My fear of cheap grace and being soft on sin had led me into a dead end path of moralism and legalism. Legalism takes the sweet Gospel of Jesus Christ and mixes in some “churchified” version of the law. Church by-laws occupy equal footing with God’s Word. Righteousness is no longer about Christ but about right behavior as only they define it. Legalism cherry picks verses that support behavioral control while conveniently ignoring dozens of verses about grace, forgiveness, kindness, love, gentleness and forbearance.
Focusing on right behavior can make you moral and perhaps a good person. It does not make you righteous. Such focus is not much different (if at all) from an agnostic or sporadic church-goer who really tries hard to do right and moral things. Tim Keller wrote this provocative thought about legalism in his wonderful book The Reason for God.
The devil, if anything, prefers Pharisees—men and women who try to save themselves. They are more unhappy than either mature Christians or irreligious people, and they do a lot more spiritual damage. (Timothy Keller, The Reason for God: Belief in an Age of Skepticism, Dutton Adult, 2007)
Without a doubt. I have been damaged. I have seen loved ones damaged. I have damaged others. I hate legalism but I don’t hate legalists. I hurt for them. I suspect they are as tired, miserable and wondering what happened to their once joyous message of the Gospel as I was.
Righteousness is entirely because of Christ. Nothing I have done or will do will make me righteous. I spent three decades trying to be “righteous”. When I hit a dry spell I would try harder, read more books, buck up and beat myself up because I felt so distant from God. Lots of helpful Christian friends would faithfully remind me that God hadn’t moved so it had to be me.

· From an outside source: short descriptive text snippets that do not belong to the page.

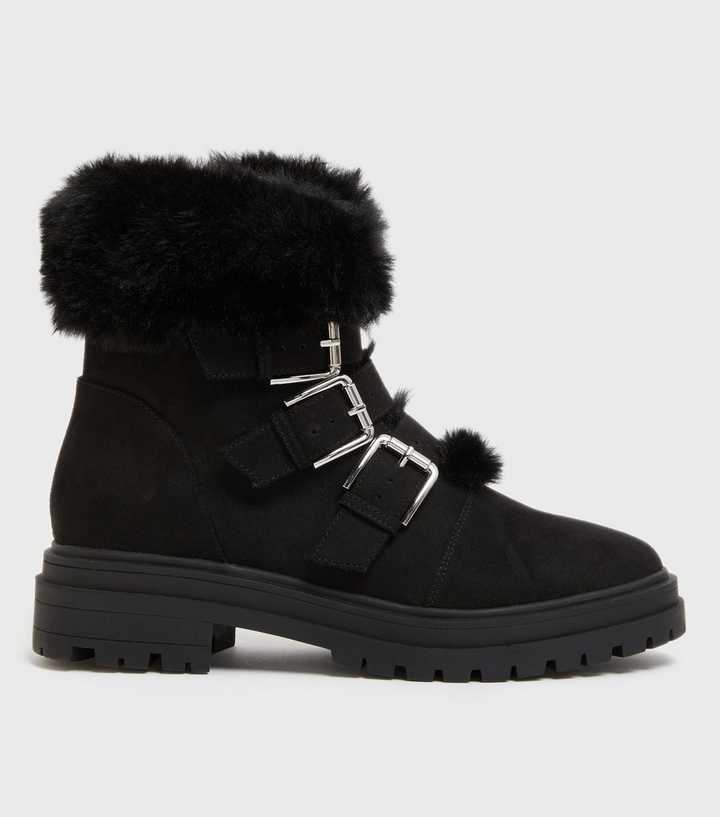 new look fur boots
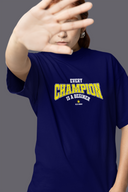 Every Champion Half Sleeve Navy Blue Oversized T-Shirt for Women by Hello Swanky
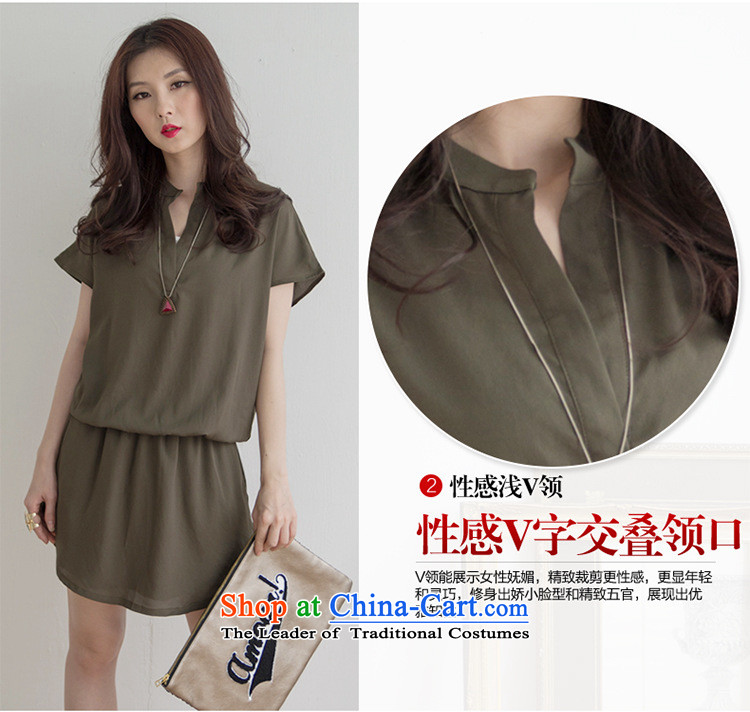 Missdonut2015 summer new to xl Women Korean loose video thin short-sleeved skirt wear skirts mm thick army green larger XL weight 140 catties recommendations - 160 catties picture, prices, brand platters! The elections are supplied in the national character of distribution, so action, buy now enjoy more preferential! As soon as possible.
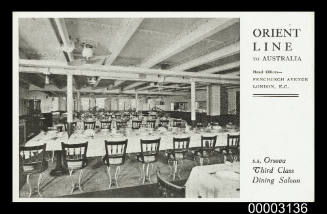 Orient Line to Australia ... SS ORSOVA Third Class Dining Saloon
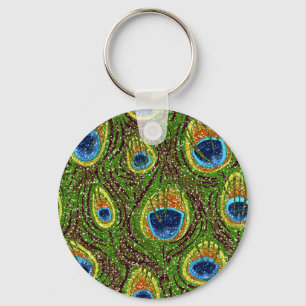 Colorful Peacock Feathers Print Keychain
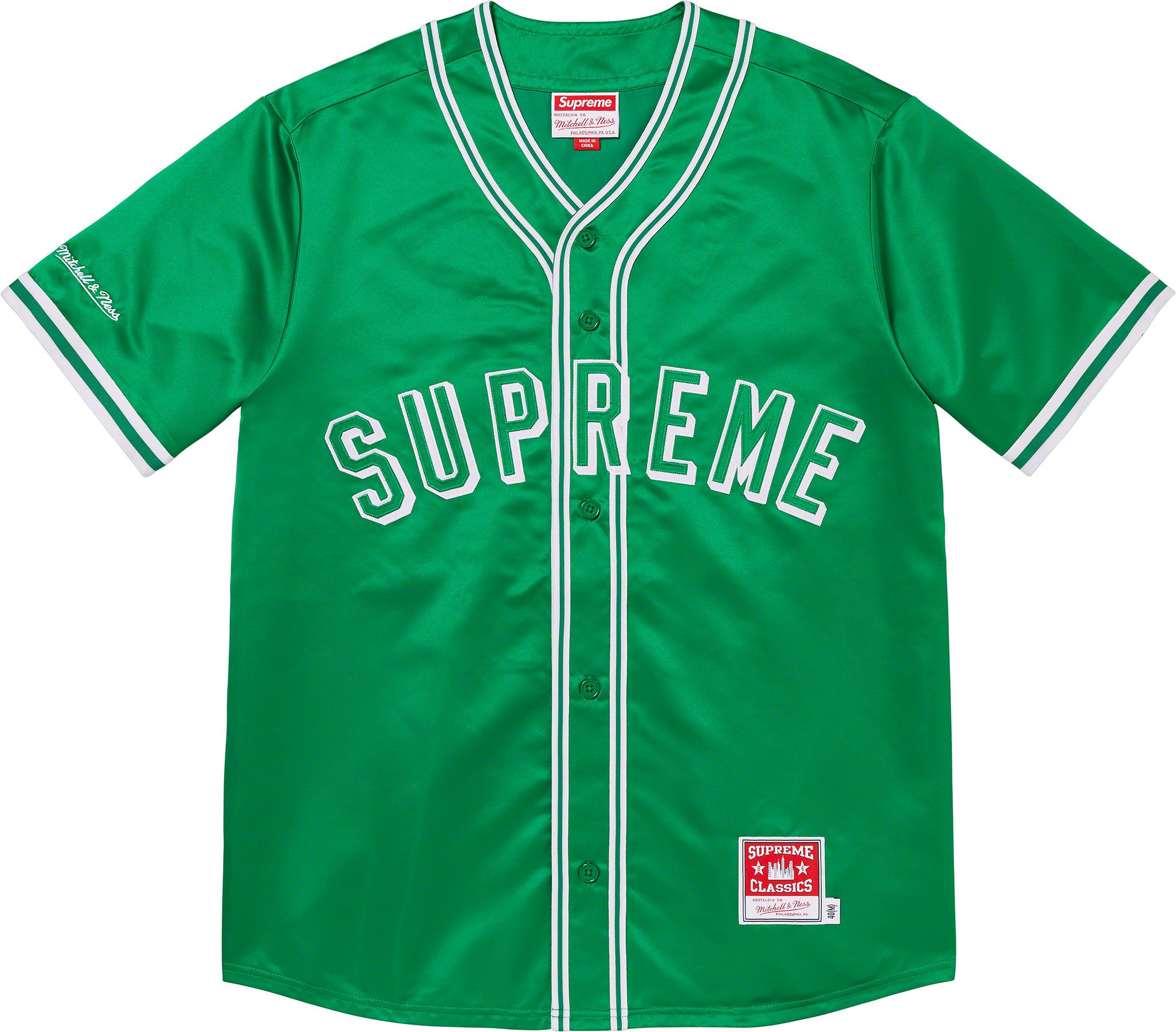 Supreme 2017SS Satin baseball jersey medium size Purple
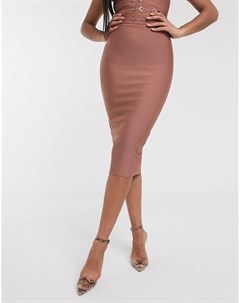 Розово коричневая бандажная юбка карандаш от комплекта с кольцами The girlcode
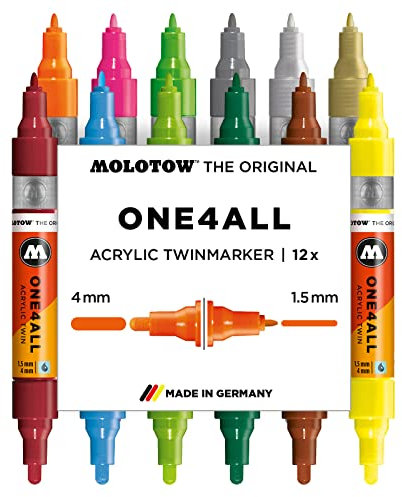 Molotow One4All Acrylic Twin Marker Main Kit 2 (Strichstärke 1,5 mm und 4,0 mm, hochdeckend und permanent, UV-beständig, für fast alle Untergründe) 12 Stück sortiert
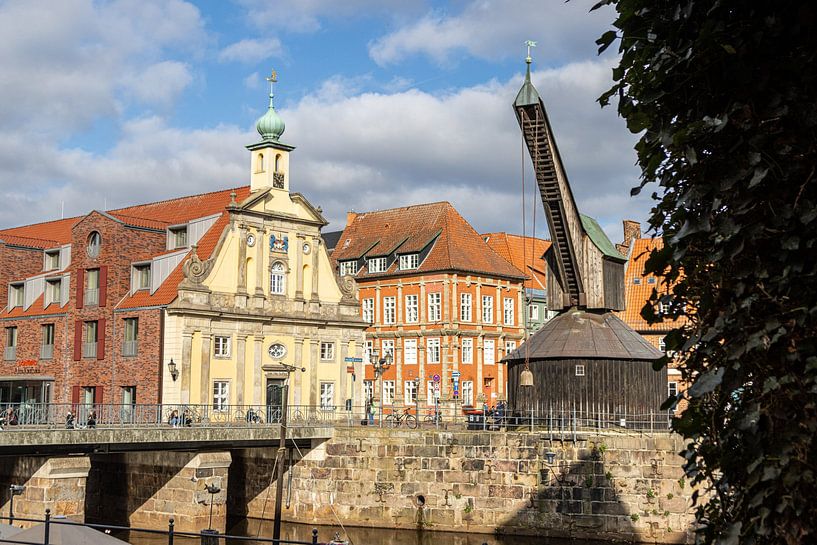 Old crane in the harbor of Lüneburg by Martijn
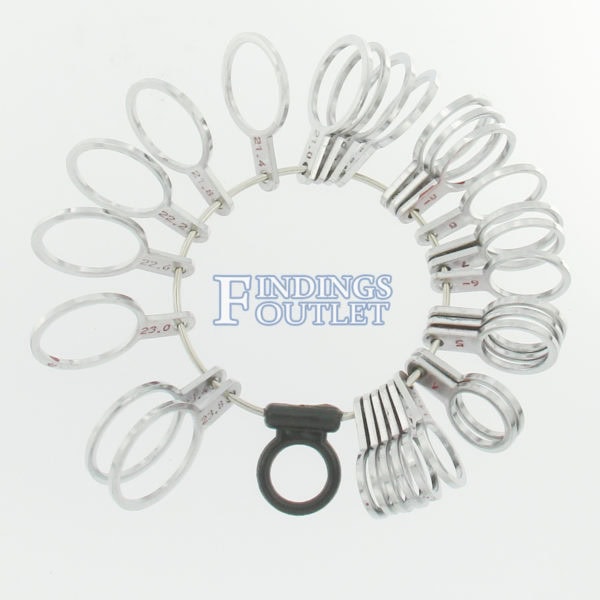 Standard Finger Ring Sizer Gauge Flat Style Measures Sizes 1-15 Open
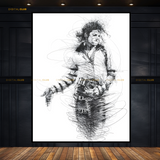 Michael Jackson - Sketch Artwork - Premium Wall Art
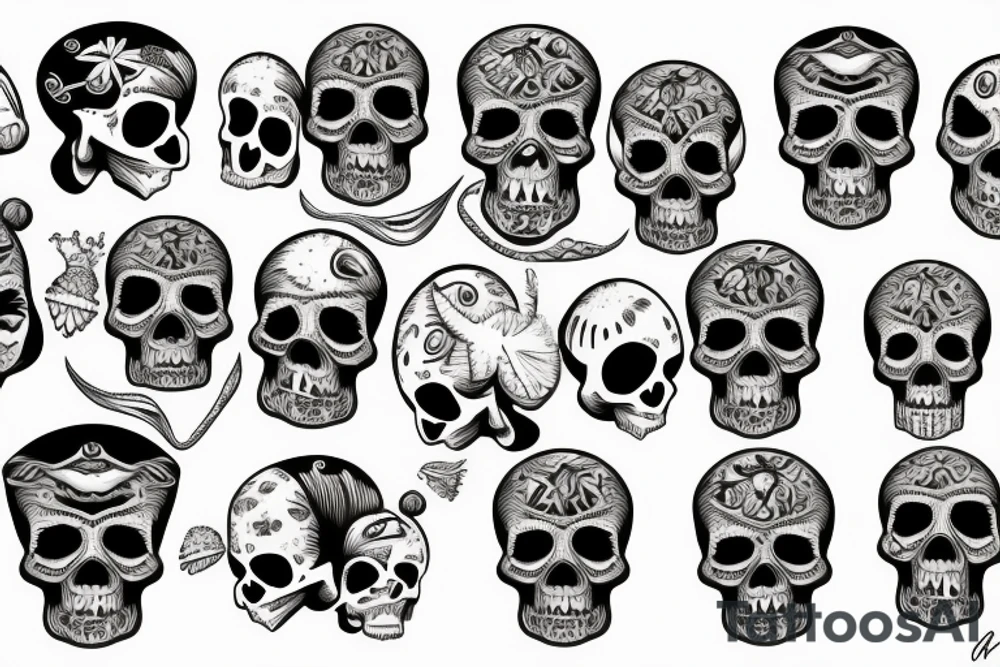 Skull with coconut and sea tattoo idea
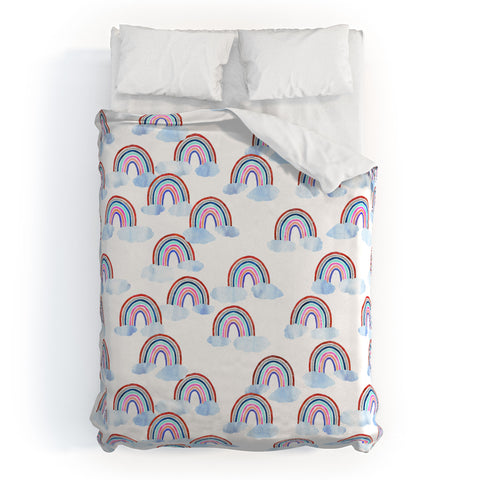 Schatzi Brown Just Rainbows White Duvet Cover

So I disliked myself more and tried harder and God seemed even more distant. I wrote a book about what to do with lambs that are wounded by the church and THEN I got wounded again by the church. It was like God was mocking me. I had reached the end of my spiritual rope. I cried out to Jesus something deep and insightful along these lines.
“I CAN’T DO THIS ANYMORE!”
God does not get insulted by all-caps. In fact, I picture Jesus smiling at that point because I was finally ready to trust Him and not myself. I had reached the point of brokenness that allowed me to really let Him into my heart. I reached the point where I no longer had to be right. I had reached the point where I didn’t want to wear a phony mask of holiness. I had reached the point where I was willing to trust God completely with everything about me. I had reached the point where I was ready for grace. I had reached the point where I was willing to believe what God says is true about me. That I am completely forgiven. I am completely loved. I am completely changed because of Christ. I am completely empowered with the Holy Spirit to mature into all of those things that are already true about me. I am righteous not because of anything I have done but entirely because of Christ.
If you are tired enough, discouraged enough, wounded enough and ready to scream you can’t do this anymore then I have good news. You are ready for grace. I am not the same guy who wrote the first edition of When Bad Christians Happen to Good People. Writing that manuscript was part of a refining process that God used to bring me to the Throne of Grace and then to begin to create a room of grace around me.
God is waiting for you to experience His grace. Legalism is a dead end street to misery. There is a better road. What have you got to lose?
Meditate on the familiar passage from Matthew 11 as translated in The Message.
Come to me, all of you who labor and are burdened, and I will give you rest. Take my yoke on you and learn from me, for I am gentle and humble in heart, and you will find rest for your souls.